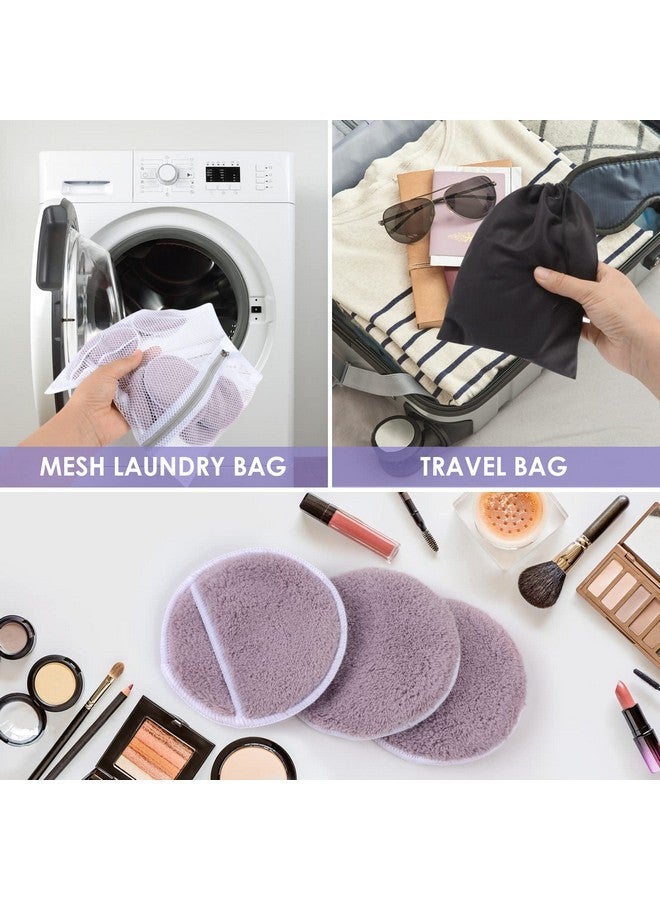 SUNLAND Reusable Makeup Remover Pads For Face,Eye,Lips 16 Pack Microfiber Face Cleansing Gloves Washable With Laundry Bag And Travel Bag Rounds Toner Pads (Round 3.15Inchx16, Dpurple)  - Image 5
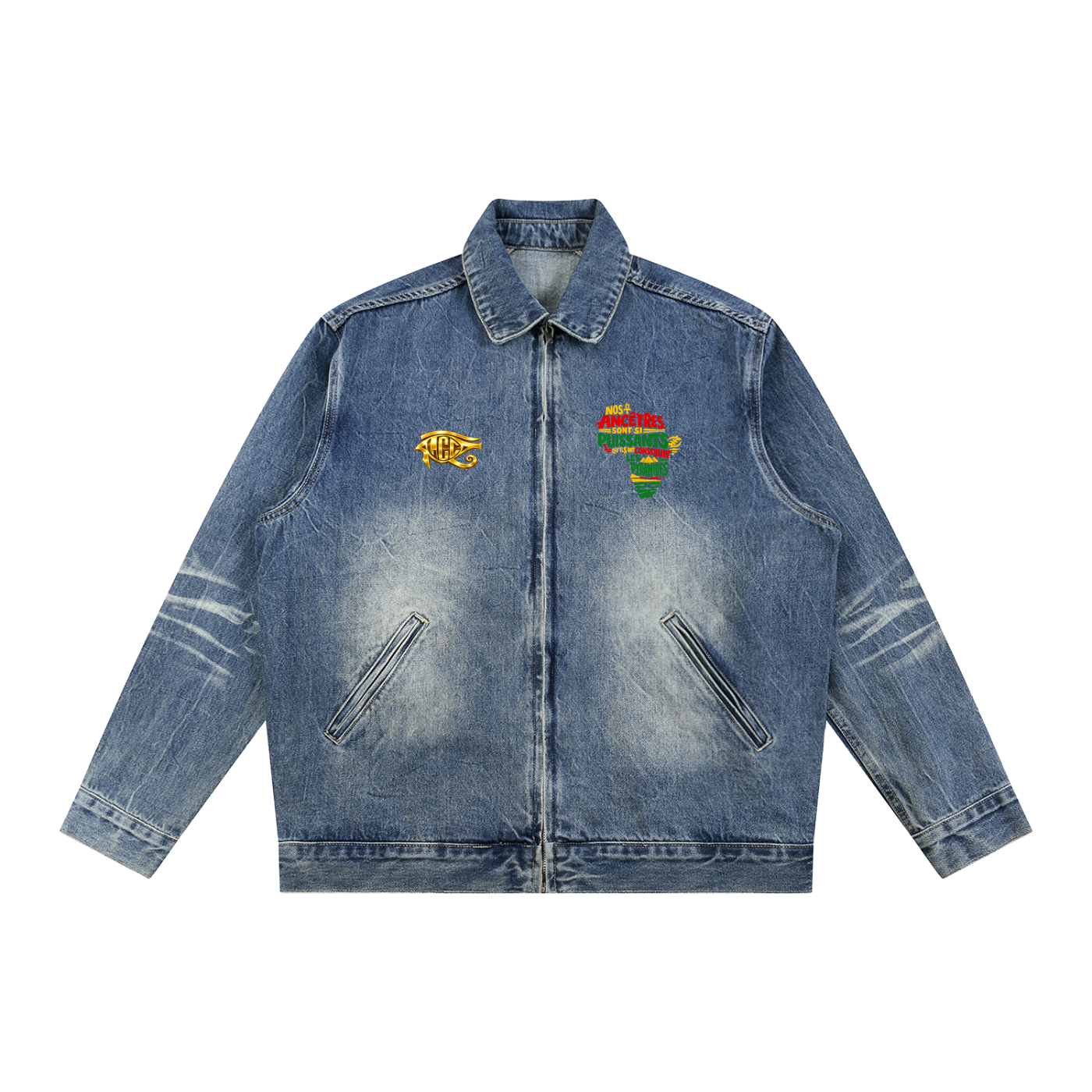 NOS ANCETRES Vintage Wash Zip Up Denim Jacket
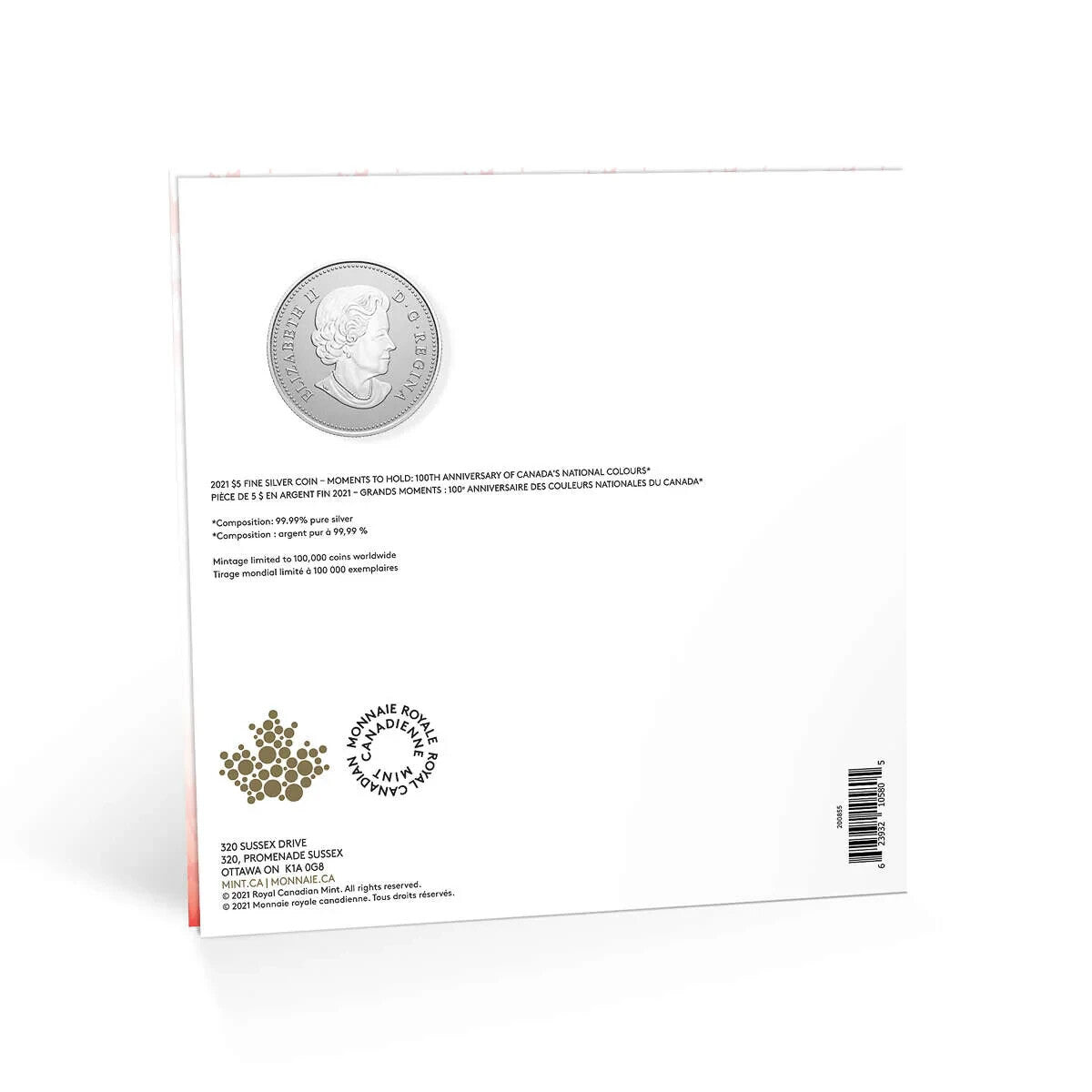 1921-2021 - Moments to Hold - Canada’s National Colours - $5 Pure Silver Coin4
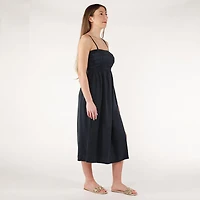 DV Robe midi sans bretelles à corsage smocké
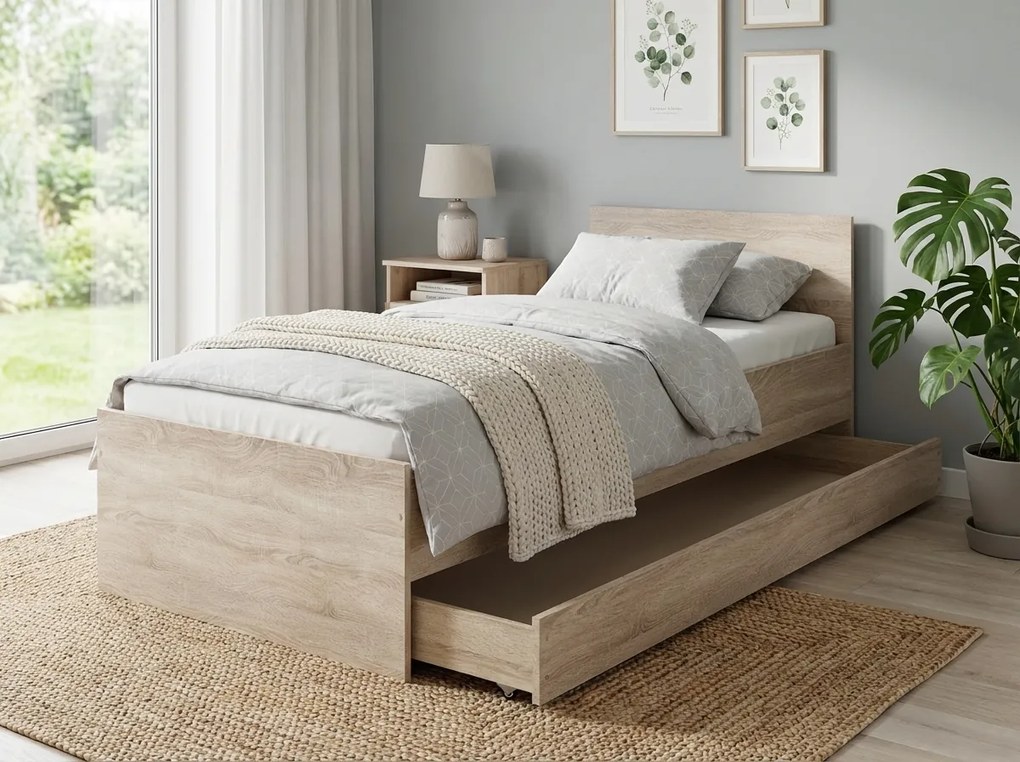 Łóżko ELISA 90 x 200 cm, dąb sonoma Stelaż: Ze stelażem listwowym rolowanym elastycznym, Materac: Materac Deluxe 10 cm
----
TASK: From the first record to the last, print everything again exactly, without pictures.

TASK RESPONSE:
 SUNLAND Reusable Makeup Remover Pads For Face,Eye,Lips 16 Pack Microfiber Face Cleansing Gloves Washable With Laundry Bag And Travel Bag Rounds Toner Pads (Round 3.15Inchx16, Dpurple)  - Image 5
 NOS ANCETRES Vintage Wash Zip Up Denim Jacket
 1921-2021 - Moments to Hold - Canada’s National Colours - $5 Pure Silver Coin4
 DV Robe midi sans bretelles à corsage smocké
 Łóżko ELISA 90 x 200 cm, dąb sonoma Stelaż: Ze stelażem listwowym rolowanym elastycznym, Materac: Materac Deluxe 10 cm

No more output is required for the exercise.